Endometriosis

Endometriosis is defined by the presence of endometrial-like tissue (glands and stroma) outside the uterine cavity, most commonly on the pelvic peritoneum, ovaries (endometriomas), and rectovaginal septum. At the molecular level, Sampson's theory of retrograde menstruation provides the mechanical seeding mechanism - viable endometrial cells reflux through the fallopian tubes during menses - but immune dysregulation is required for implant survival.

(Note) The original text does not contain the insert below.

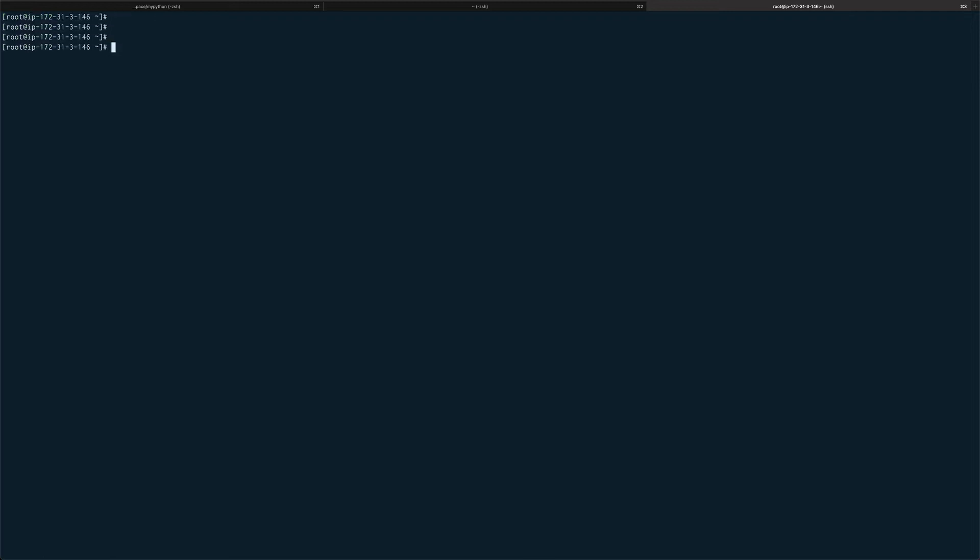A couple of commands which are actually useful in today's time also is lsblk - list down all the block devices. This is an EC2 instance, so if I go and attach a disk to this, basically a volume in terms of AWS, if I go and attach a volume and when I come back and do an lsblk it will show here.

In healthy individuals, peritoneal macrophages and natural killer (NK) cells clear ectopic endometrial cells. In endometriosis, defective NK cell cytotoxicity (reduced expression of activating receptors NKG2D and NKp46) and altered macrophage polarization (shift from M1 pro-inflammatory to M2 reparative phenotype) allow implant survival. Ectopic implants secrete matrix metalloproteinases (MMP-2, MMP-9) that degrade the extracellular matrix, enabling tissue invasion and neovascularization via vascular endothelial growth factor (VEGF) overexpression.

Local aromatase (CYP19A1) overexpression in ectopic stromal cells drives autonomous estrogen biosynthesis through intracrine signaling. Simultaneously, 17-beta-hydroxysteroid dehydrogenase type 2 (17β-HSD-2) - which normally inactivates estradiol to estrone - is downregulated due to progesterone resistance mediated by epigenetic silencing of progesterone receptor B (PR-B) via promoter hypermethylation. This creates a self-perpetuating estrogen-dominant microenvironment.

Cyclooxygenase-2 (COX-2) is overexpressed in ectopic implants, generating prostaglandin E2 (PGE2), which stimulates aromatase activity in a positive feedback loop (PGE2 → aromatase → estradiol → COX-2 → PGE2). Inflammatory cytokines (IL-1β, IL-6, IL-8, TNF-α) and oxidative stress from iron deposition (from repeated hemorrhage within implants) promote fibrosis through TGF-β signaling, contributing to adhesion formation and pain sensitization via peripheral nerve fiber sprouting.